> [STUDY MATERIAL]:
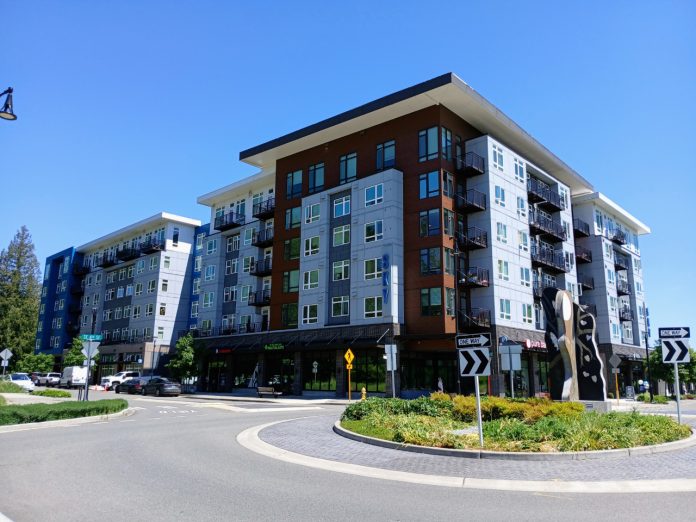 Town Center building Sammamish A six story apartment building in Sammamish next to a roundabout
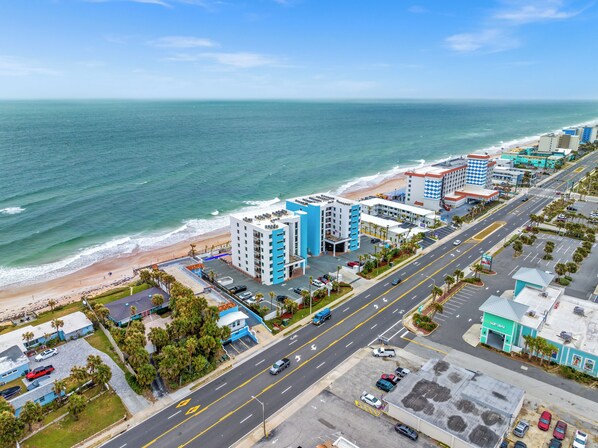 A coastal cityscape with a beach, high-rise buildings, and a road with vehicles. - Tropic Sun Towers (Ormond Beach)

==

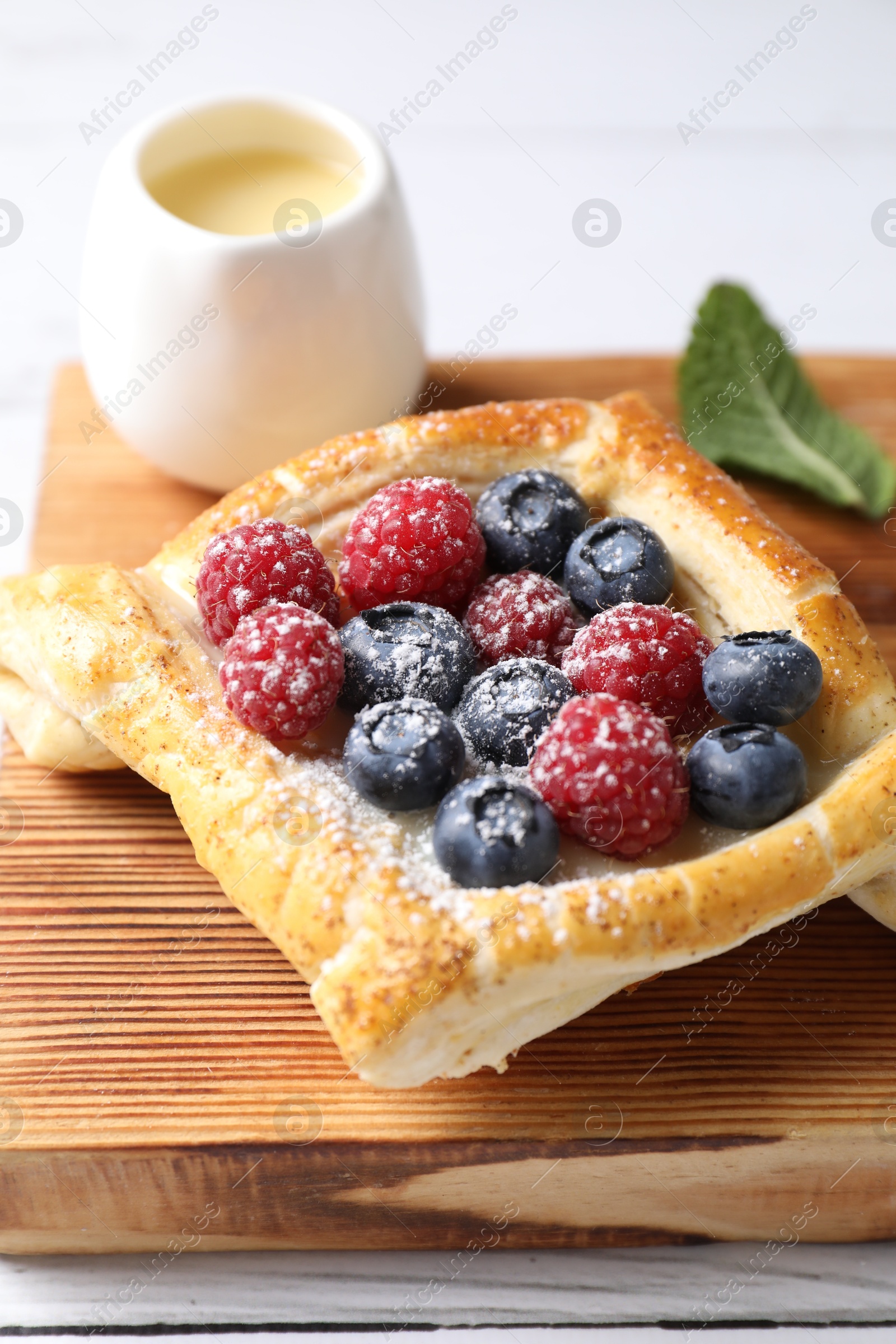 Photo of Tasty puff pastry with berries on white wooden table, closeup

> [WHAT IS EXPECTED]: Starting with the line that contains "Town Center building" and finishing with the line that contains "A coastal cityscape", reproduce every line of the material above exactly, but not the pictures.

> [TASK ANSWER]:
 Town Center building Sammamish A six story apartment building in Sammamish next to a roundabout
 A coastal cityscape with a beach, high-rise buildings, and a road with vehicles. - Tropic Sun Towers (Ormond Beach)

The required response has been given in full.